ACTIVITY
The response should consist solely of the line containing "19449 Ironwood Cir, Bend, OR 97702 - Photo 9" and the lines after it through the end of the listing below, repeated exactly.

RECORD EXCERPTS
* * *

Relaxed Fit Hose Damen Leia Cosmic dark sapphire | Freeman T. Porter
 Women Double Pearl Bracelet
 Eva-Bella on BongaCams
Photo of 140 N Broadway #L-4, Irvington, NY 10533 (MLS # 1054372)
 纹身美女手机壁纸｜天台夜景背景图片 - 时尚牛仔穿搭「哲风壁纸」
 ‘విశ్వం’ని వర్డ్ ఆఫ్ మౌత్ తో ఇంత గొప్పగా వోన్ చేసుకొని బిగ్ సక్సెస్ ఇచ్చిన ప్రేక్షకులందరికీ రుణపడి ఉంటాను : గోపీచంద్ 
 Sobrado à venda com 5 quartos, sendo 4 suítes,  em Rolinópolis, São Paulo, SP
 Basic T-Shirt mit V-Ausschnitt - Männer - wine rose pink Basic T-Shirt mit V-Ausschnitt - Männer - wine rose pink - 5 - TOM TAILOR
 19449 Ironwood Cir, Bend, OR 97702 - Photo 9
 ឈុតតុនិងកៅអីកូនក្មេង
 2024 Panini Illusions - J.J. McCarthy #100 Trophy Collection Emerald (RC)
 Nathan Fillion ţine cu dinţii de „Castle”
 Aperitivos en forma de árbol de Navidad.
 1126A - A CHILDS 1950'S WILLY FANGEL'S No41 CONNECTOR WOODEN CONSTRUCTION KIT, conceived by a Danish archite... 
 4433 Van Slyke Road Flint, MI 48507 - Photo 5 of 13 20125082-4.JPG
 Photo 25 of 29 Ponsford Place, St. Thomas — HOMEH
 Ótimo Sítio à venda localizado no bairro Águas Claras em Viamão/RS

* * *

ANSWER FOR THE TASK
 19449 Ironwood Cir, Bend, OR 97702 - Photo 9
 ឈុតតុនិងកៅអីកូនក្មេង
 2024 Panini Illusions - J.J. McCarthy #100 Trophy Collection Emerald (RC)
 Nathan Fillion ţine cu dinţii de „Castle”
 Aperitivos en forma de árbol de Navidad.
 1126A - A CHILDS 1950'S WILLY FANGEL'S No41 CONNECTOR WOODEN CONSTRUCTION KIT, conceived by a Danish archite... 
 4433 Van Slyke Road Flint, MI 48507 - Photo 5 of 13 20125082-4.JPG
 Photo 25 of 29 Ponsford Place, St. Thomas — HOMEH
 Ótimo Sítio à venda localizado no bairro Águas Claras em Viamão/RS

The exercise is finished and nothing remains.